De acuerdo con operadores del sector, el sulfato de amonio —uno de los fertilizantes más exportados por volumen— comenzó a ser sometido a inspecciones más rigurosas, pese a que este producto no estaba incluido en las limitaciones impuestas en marzo. Las fuentes, que solicitaron anonimato, señalaron que estas revisiones han aumentado de manera considerable en las últimas semanas.
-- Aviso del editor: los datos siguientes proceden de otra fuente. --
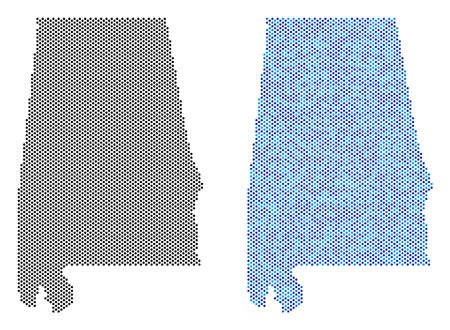 Round point Alabama State map version. Vector territorial plans in black color and cold blue color tints. Abstract composition of Alabama State map created from sphere element pattern.のイラスト素材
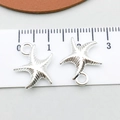 Polished silver starfish charms in sea series for DIY jewelry making and pendants - Bright Silver Starfish (20694)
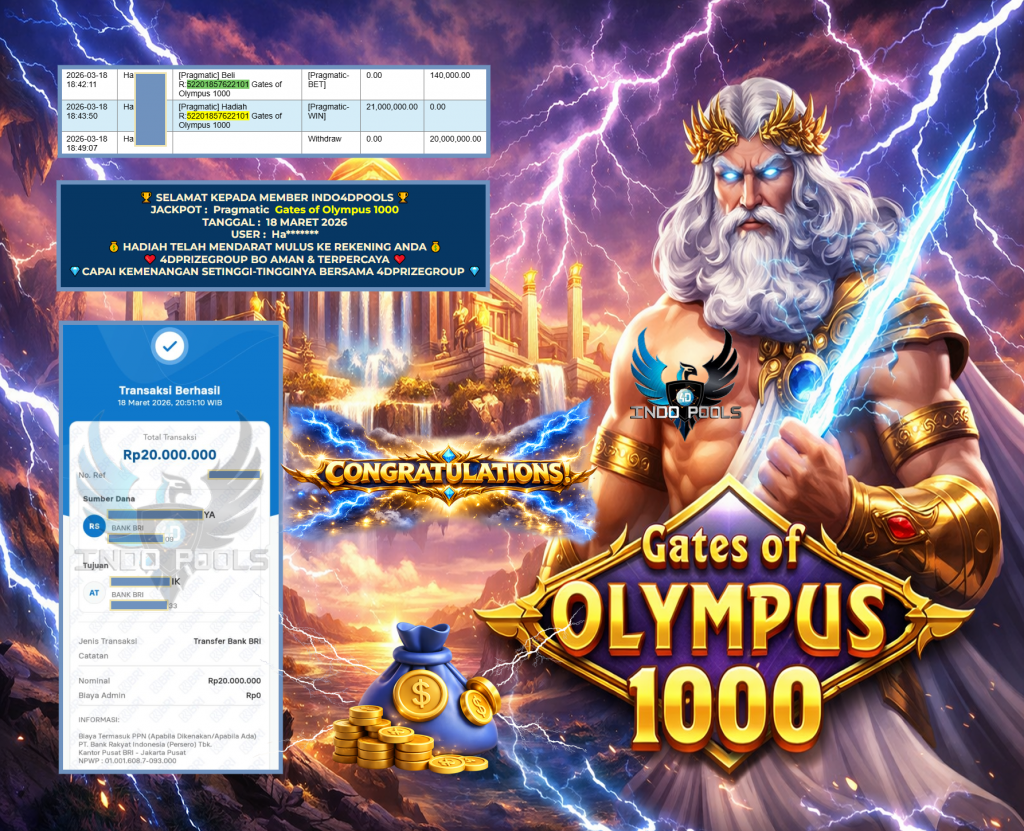 INDO4DPOOLS JACKPOT PRAGMATIC ” Gates of Olympus 1000 ” Rp 20.000.000,- LUNAS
El endurecimiento de las medidas surgió después de que autoridades aduaneras en la ciudad portuaria de Qingdao detectaran irregularidades. Exportadores habrían declarado incorrectamente fertilizantes restringidos, como urea y potasa, haciéndolos pasar por sulfato de amonio para evadir las restricciones vigentes.

“Nuestras exportaciones de sulfato de amonio han registrado recientemente una tasa de inspección muy elevada debido a esto”, afirmó un comerciante vinculado a esta industria.
Hasta el momento, no se obtuvo respuesta por parte de las autoridades aduaneras locales ni de la Administración General de Aduanas en Pekín.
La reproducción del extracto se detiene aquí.